The classification results achieved by the deep neural network were compared with those achieved by the SVM machine, Bayesian method, and the two layer neural network with the sigmoidal and softmax transfer function. Figure 7 presents the classification into two classes (healthy tissues and caries) for two features evaluated as the wavelength of the maximal reflectivity value and the standard deviation of the reflectivity values in the decreasing part of reflectivity using selected classification methods with accuracy (ACC) and cross-validation (CV) errors with class boundaries.

A comparison of the accuracy and cross-validation errors for the classification of stomatological data into two classes by standard methods (support vector, Bayesian, k-nearest neighbor, the two-layer neural network), and the five-layer deep neural network after 300 learning epochs is presented in Table 4. For the given data set, the results of the classifications by the standard classification methods both for the signal and spectral domain features were very close. The classification accuracy for the deep learning systems is 98.1% and 94.4% for data in the signal and spectral domains, respectively, with the loss criterion below 0.01 in both cases. The efficiency of the deep learning is much higher for the spectral domain features with not so well-separated clusters.

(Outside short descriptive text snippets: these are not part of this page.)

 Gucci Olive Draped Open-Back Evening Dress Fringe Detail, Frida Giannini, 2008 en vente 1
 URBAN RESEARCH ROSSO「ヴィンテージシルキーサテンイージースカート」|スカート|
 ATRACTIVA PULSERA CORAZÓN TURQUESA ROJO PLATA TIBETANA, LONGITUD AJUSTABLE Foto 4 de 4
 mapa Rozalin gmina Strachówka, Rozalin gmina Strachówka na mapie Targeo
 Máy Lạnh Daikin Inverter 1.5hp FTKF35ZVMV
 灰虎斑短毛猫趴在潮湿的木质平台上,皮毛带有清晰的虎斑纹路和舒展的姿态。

Table 4 Accuracy (ACC) and Tenfold cross-validation (CV) errors for classification of stomatological data into two classes by the support vector (SVM), Bayesian method, seven-nearest neighbor method (NM), the two-layer neural network (NN), and the proposed five-layer deep neural network (in bold)

4 Conclusion

This paper investigated the effectiveness of selected mathematical methods for the classification of reflectivity data recorded for a total number of 741 dental tissues in the stomatological laboratory. The classification into two categories (healthy tissues and caries) was performed by a deep learning neural network and the ADAM method for model parameter optimization. Its results were compared with classifications by standard methods, which included the support vector machine, a Bayesian method, k-nearest neighbors, and a two-layer neural network. For the deep learning method, no features were evaluated and the complete records formed the input into the classification system. By contrast, in the standard approach to classification based on pattern recognition, feature vectors were estimated from reflectivity data preprocessed by the proposed polynomial approximation.

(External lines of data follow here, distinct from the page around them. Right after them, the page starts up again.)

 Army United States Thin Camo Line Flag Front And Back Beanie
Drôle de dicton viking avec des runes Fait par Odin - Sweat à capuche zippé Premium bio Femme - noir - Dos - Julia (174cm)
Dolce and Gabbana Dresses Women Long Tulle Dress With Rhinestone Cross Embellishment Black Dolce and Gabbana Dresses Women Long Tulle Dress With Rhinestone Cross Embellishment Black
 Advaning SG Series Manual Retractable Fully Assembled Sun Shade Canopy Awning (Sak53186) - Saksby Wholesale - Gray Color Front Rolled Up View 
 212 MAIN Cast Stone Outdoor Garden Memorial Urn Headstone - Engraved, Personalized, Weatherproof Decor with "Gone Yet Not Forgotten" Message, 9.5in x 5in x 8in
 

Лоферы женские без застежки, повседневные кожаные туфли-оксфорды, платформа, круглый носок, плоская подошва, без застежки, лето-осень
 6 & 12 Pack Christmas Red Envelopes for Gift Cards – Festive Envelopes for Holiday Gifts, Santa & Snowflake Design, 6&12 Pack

The results have shown that the deep learning neural network system was able to distinguish caries from healthy tissues without any preprocessing or selection of features, with better accuracy than the standard methods. The classification accuracy was 98.1% and 94.4% for the deep learning system using signal and spectral domain features, respectively. The loss criterion was below 0.01 in both cases.

The deep learning system for signal segment classification has been able to eliminate the process of selecting signal features, which can be sometimes rather complicated and time-consuming. On the other hand, the advantage of the evaluation of features can lie in the deeper understanding of the signal properties both in the time and frequency domain and the possibilities of their visualization. The combination of both approaches to data processing can bring their benefits to obtain a deeper understanding of the physical background of the studied system.

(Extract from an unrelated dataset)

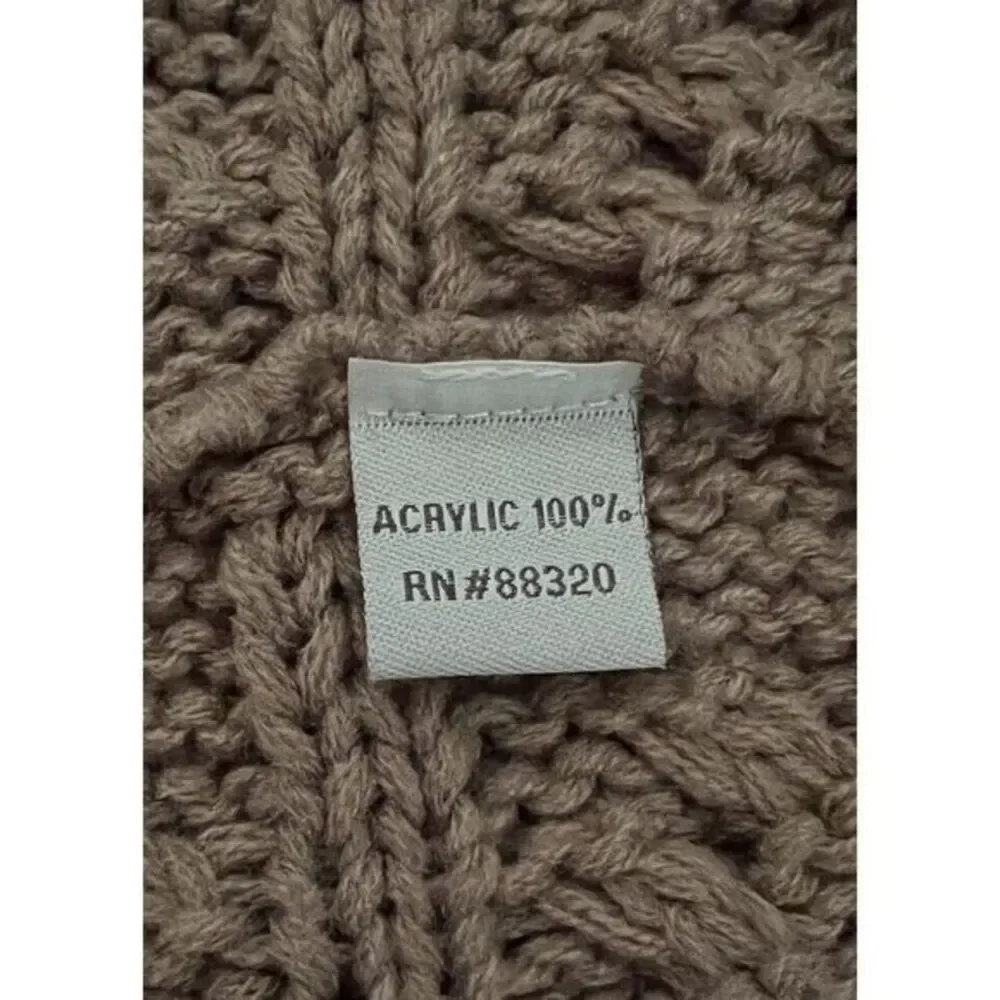 Infinity Scarf‎ Acrylic Tan Beige Women's One Size Knitted Winter Warm Toboggan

It is expected that further research will be devoted to the deep learning and standard classification systems to benefit from their specific advantages. In the case of deep learning systems, with their complicated structures and with the possibilities of an incremental learning strategy, it will be possible to study the effects of varying the system structure and its coefficients during the learning process. Further studies of the distribution of specific features will enable a deeper data analysis and the use in the clinical environment. In both cases, new machine learning strategies and their implementation for real biomedical data processing and for monitoring physiological functions will be studied as well.